If you think back to before the rise of the entertainment conglomerates, you get to a music industry made up largely of transitory, hit-or-miss labels. Tin Pan Alley. That’s where we’re heading. From there, a new music business will be formed. Likewise, the movie industry, which, in fact, is now riding high on selling the DVDs that will provide the digital wherewithal to steal the industry out from under itself, will shortly find itself as moribund as it found itself in the sixties—with television having eaten its lunch and the independents (and yes . . . foreign films) mocking the movies it did produce. And, quite possibly, the movie business will, as it once did, bounce back in some new sort of creative seventies (even without all that cocaine). Failure is regenerative.

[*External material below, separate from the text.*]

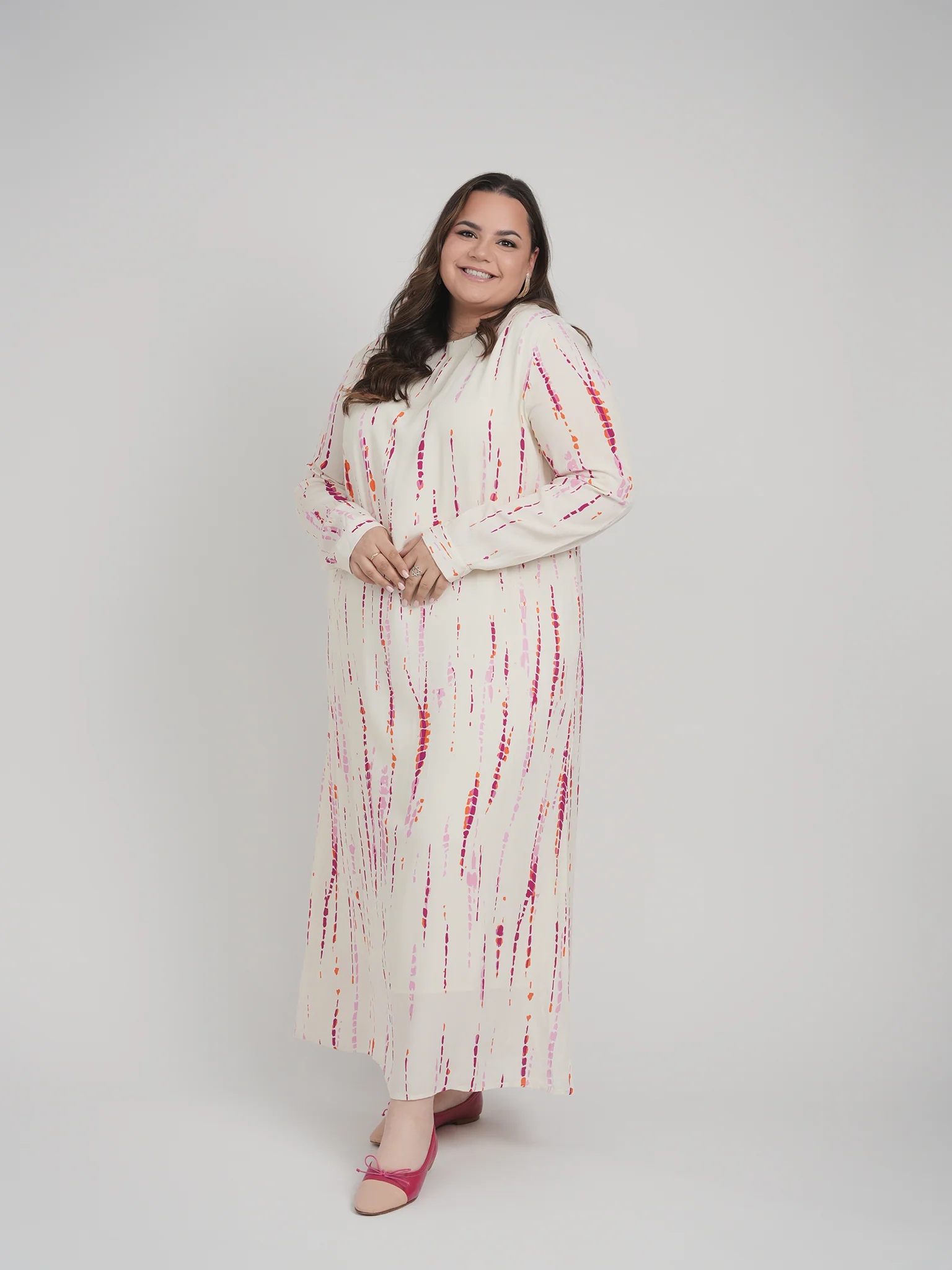 CAMILLA DRESS (PINK TIE DYE) - Image 2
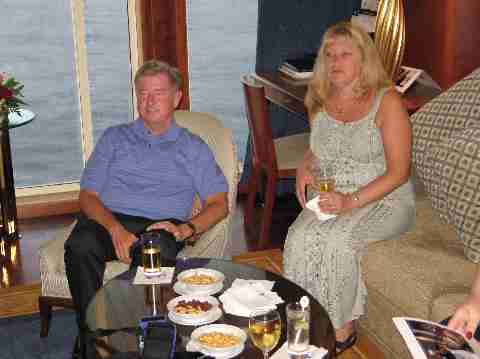 Curt & Kathy before dinner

And it’s worth mentioning, however much your children download, pop culture itself, alas, still won’t go away (although some of it will, and pop stars will be paid less, which can only be a good thing). It just gets invented somewhere else in the entertainment-distribution chain. If the music companies can’t invent the stars that MTV needs, then MTV will merely invent them itself (as it already does). No biggie. Indeed, the amateur-hour reality shows are doing just that.
There will, naturally, be economic losers. And I do not want to be so heartless as to say that in this instance virtually all of the economic losers deserve to lose, and that almost nobody will ever mourn their fate—but sometimes capitalism does have a sense of humor.
Anyway, the point here is our children (as Whitney Houston might say). And what they’re doing right now. And what we should be saying to them—what the Recording Industry Association of America would have us say (the threats they would have us make), or, alternatively, something about the larger historical forces at work and about this being a very interesting time in which to observe the passing of economic and cultural worlds.
Which, of course, they’ll be so very eager to hear all about.